If set to true, will log the generated filter code (currently using Log::ger at trace level). To see the log message, e.g. to the screen, you can use something like:

% TRACE=1 perl -MLog::ger::LevelFromEnv -MLog::ger::Output=Screen \
    -MData::Sah::Filter=gen_filter -E'my $c = gen_filter(...)'

FUNCTIONS

gen_filter

Usage:

gen_filter(%args) -> any

Generate filter code.

This is mostly for testing.

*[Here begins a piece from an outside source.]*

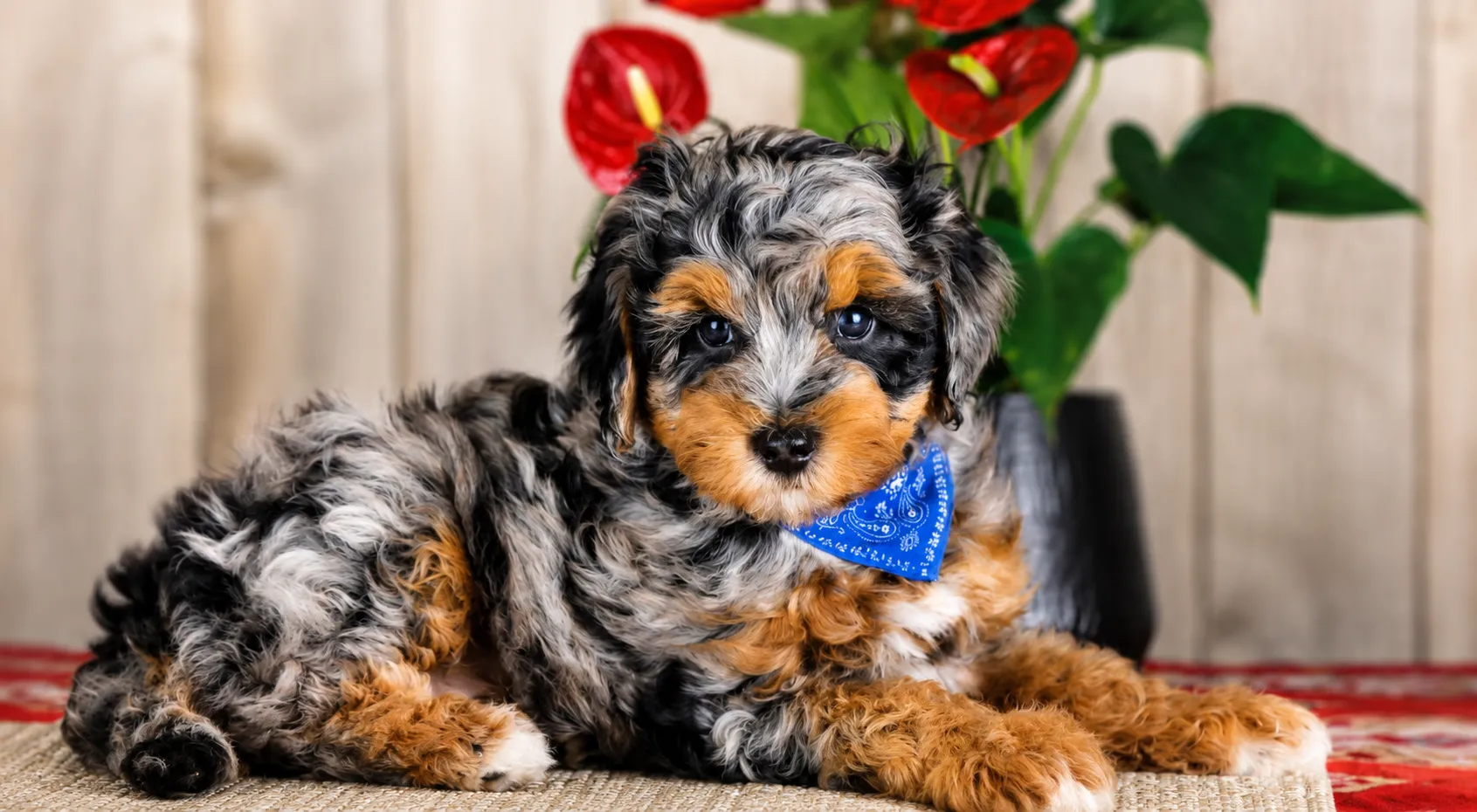 A small, curly-haired puppy with black, gray, and tan fur wears a blue bandana and lies on a mat.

Normally the filter rules will be used from Data::Sah.

This function is not exported by default, but exportable.

Arguments ('*' denotes required arguments):

  • filter_names* => array[str]

    (No description)

  • return_type => str (default: "val")

    (No description)

Return value: (any)

ENVIRONMENT

LOG_SAH_FILTER_CODE => bool

Set default for $Log_Filter_Code.

HOMEPAGE

Please visit the project's homepage at https://metacpan.org/release/Data-Sah-Filter.

SOURCE

Source repository is at https://github.com/perlancar/perl-Data-Sah-Filter.

SEE ALSO

Data::Sah

Data::Sah::FilterJS

App::SahUtils, including filter-with-sah to conveniently test filter from the command-line.

Data::Sah::Coerce. Filtering works very similarly to coercion in the Data::Sah framework (see l<Data::Sah::Coerce>) but is simpler and composited differently to form the final filtering code. Mainly, input data will be passed to all filtering expressions.

AUTHOR

perlancar <perlancar@cpan.org>

CONTRIBUTING

To contribute, you can send patches by email/via RT, or send pull requests on GitHub.

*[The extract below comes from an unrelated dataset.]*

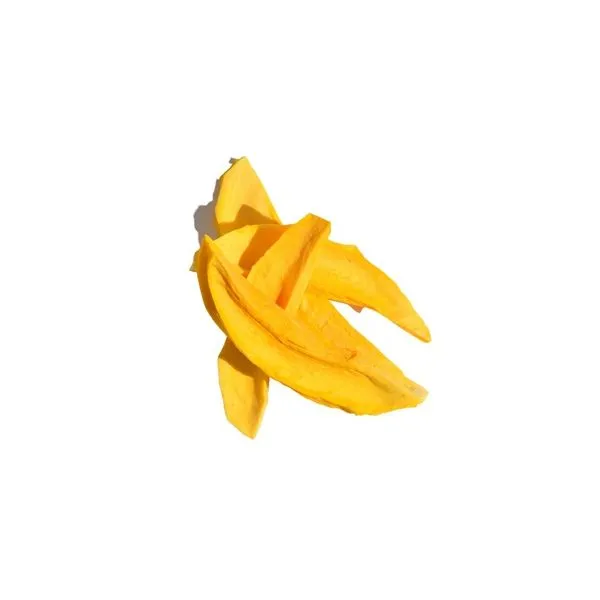 FREEZE DRIED MANGO 30 G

Most of the time, you don't need to build the distribution yourself. You can simply modify the code, then test via:

% prove -l

If you want to build the distribution (e.g. to try to install it locally on your system), you can install Dist::Zilla, Dist::Zilla::PluginBundle::Author::PERLANCAR, Pod::Weaver::PluginBundle::Author::PERLANCAR, and sometimes one or two other Dist::Zilla- and/or Pod::Weaver plugins. Any additional steps required beyond that are considered a bug and can be reported to me.

COPYRIGHT AND LICENSE

This software is copyright (c) 2024, 2023, 2022, 2020 by perlancar <perlancar@cpan.org>.

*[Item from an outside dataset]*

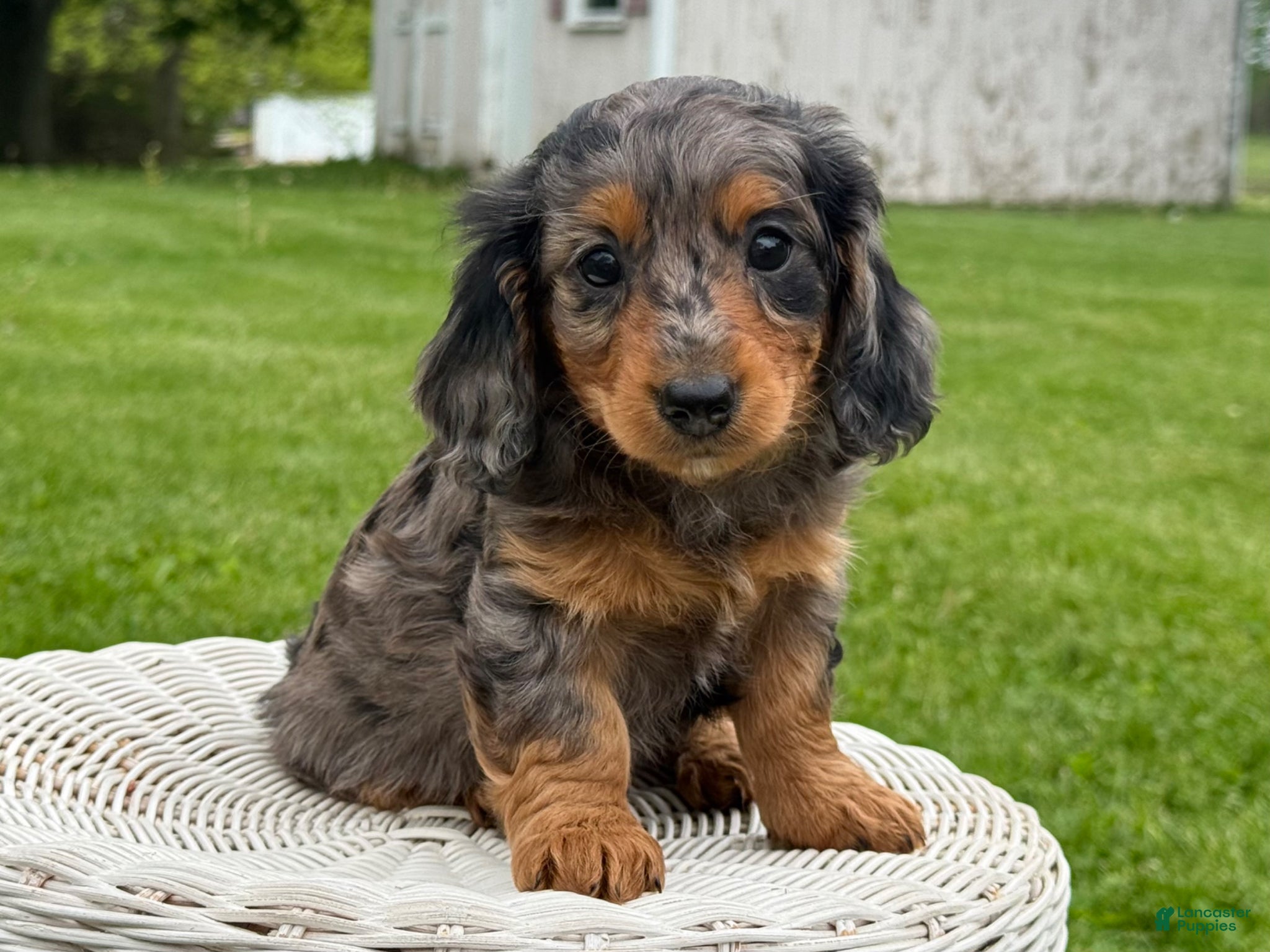 Miniature Dachshund dogs Maple - Ad 1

This is free software; you can redistribute it and/or modify it under the same terms as the Perl 5 programming language system itself.

BUGS

Please report any bugs or feature requests on the bugtracker website https://rt.cpan.org/Public/Dist/Display.html?Name=Data-Sah-Filter

When submitting a bug or request, please include a test-file or a patch to an existing test-file that illustrates the bug or desired feature.